Deduce che l’avvocato D.L., in primo grado, aveva inserito nei propri scritti defensionali varie affermazioni calunniose, in particolare affermando di “non ricordare di aver mai inviato il telefax oggetto di causa, il quale ben potrebbe essere stato artificiosamente predisposto dallo stesso attore”. Aggiunge di avere chiesto alla Corte d’appello di ordinare la cancellazione di tali sconvenienti espressioni, nonchè il rimborso delle spese causategli dalla controparte attraverso la violazione dell’art. 88 c.p.c., giusta la previsione di cui all’art. 92 c.p.c., e che la Corte d’appello avrebbe trascurato di provvedere su tale richiesta.

Afferma infine il ricorrente che la sentenza impugnata sarebbe erronea in punto di diritto nella parte in cui ha ritenuto che “la sentenza penale del giudice di pace di Monza non costituirebbe giudicato nella sede civile poichè l’azione di risarcimento sarebbe stata proposta autonomamente dall’avv. D.R.”.

2.2. Nella parte in cui lamenta il vizio di omessa pronuncia il motivo è infondato, avendo la Corte d’appello escluso che le espressioni usate dall’avv. D.L. nei propri scritti difensivi avessero natura offensiva.

2.3. Nella parte in cui censura nel merito la suddetta valutazione della Corte d’appello il motivo è inammissibile, alla luce del principio secondo cui “l’apprezzamento del giudice di merito sul carattere sconveniente od offensivo delle espressioni contenute nelle difese delle parti e sulla loro estraneità all’oggetto della lite, nonchè l’emanazione o meno dell’ordine di cancellazione delle medesime, a norma dell’art. 89 c.p.c., integrano esercizio di potere discrezionale non censurabile in sede di legittimità” (Sez. 2 -, Ordinanza n. 14364 del 05/06/2018, Rv. 648842 – 02).

2.4. Infine, nella parte in cui discorre di “giudicato”, che si sarebbe formato sulla sentenza pronunciata in sede penale dal Giudice di pace di Monza, il motivo è inammissibile per mancanza di illustrazione. E’ lo stesso ricorrente, infatti, a dedurre nel riassunto dei fatti di causa che in sede penale D.L. venne assolto, sicchè non è per questa Corte possibile comprendere qual frutto egli vorrebbe trarre in questa sede dalla sentenza penale.

3. Le spese.

3.1. Le spese del presente giudizio di legittimità vanno a poste a carico del ricorrente, ai sensi dell’art. 385 c.p.c., comma 1, e sono liquidate nel dispositivo.

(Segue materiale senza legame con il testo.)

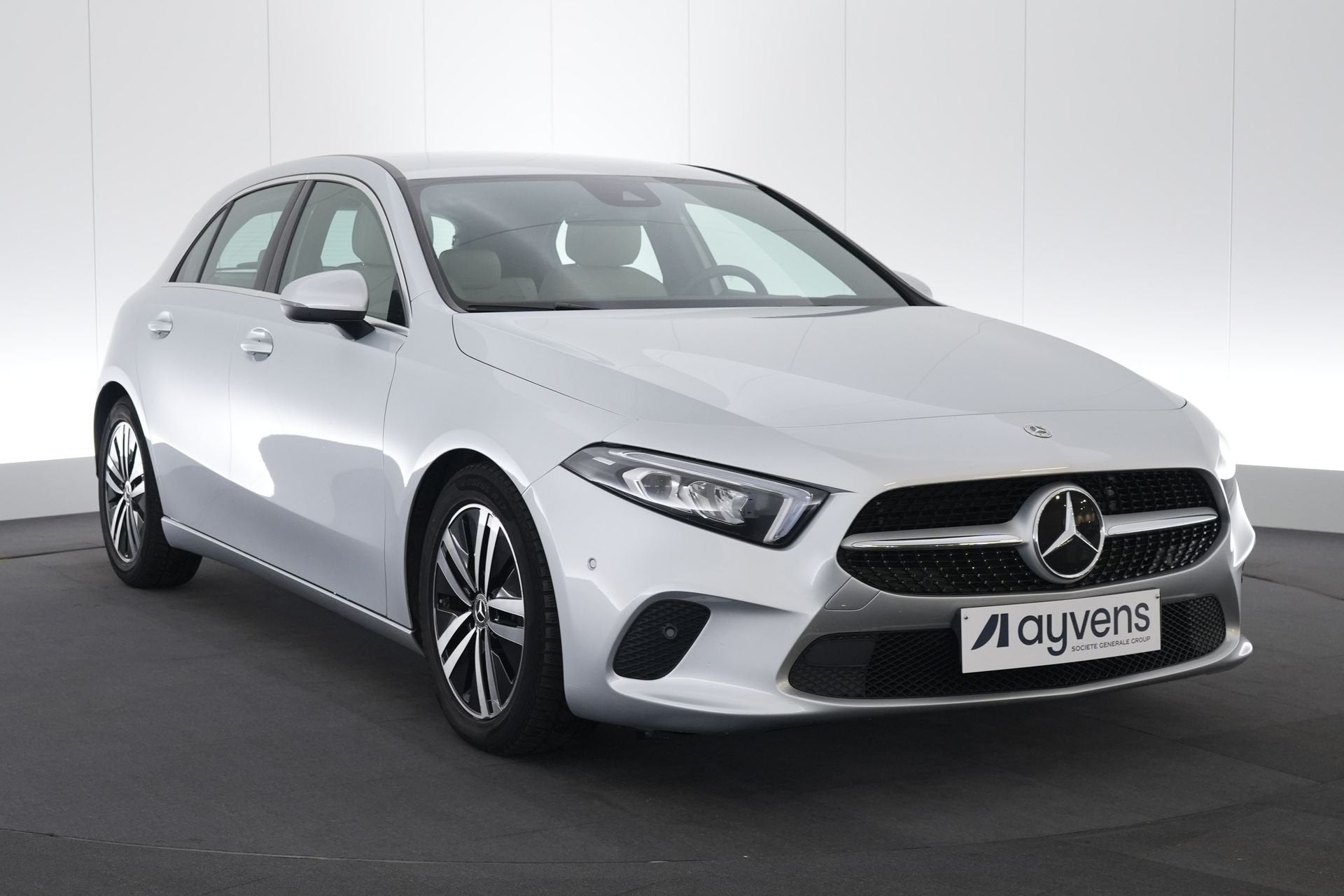 (2CGJ082) MERCEDES-BENZ A-CLASS, Achat, Entreprise, Carnet d'entretien, 5 portes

3.2. Il rigetto del ricorso costituisce il presupposto, del quale si dà atto con la presente sentenza, per il pagamento a carico della parte ricorrente di un ulteriore importo a titolo di contributo unificato pari a quello dovuto per l’impugnazione, ai sensi del D.P.R. 30 maggio 2002, n. 115, art. 13, comma 1 quater (nel testo introdotto dalla L. 24 dicembre 2012, n. 228, art. 1, comma 17).

P.Q.M.

(-) rigetta il ricorso;

(-) condanna D.R.R.B. alla rifusione in favore di D.L. delle spese del presente giudizio di legittimità, che si liquidano nella somma di Euro 3.200, di cui 200 per spese vive, oltre I.V.A., cassa forense e spese forfettarie D.M. 10 marzo 2014, n. 55 ex art. 2, comma 2;

(-) dà atto che sussistono i presupposti previsti dal D.P.R. 30 maggio 2002, n. 115, art. 13, comma 1 quater, per il versamento da parte di D.R.R.B. di un ulteriore importo a titolo di contributo unificato pari a quello dovuto per l’impugnazione.

Così deciso in Roma, nella camera di consiglio della Sesta Sezione civile della Corte di cassazione, il 16 maggio 2019.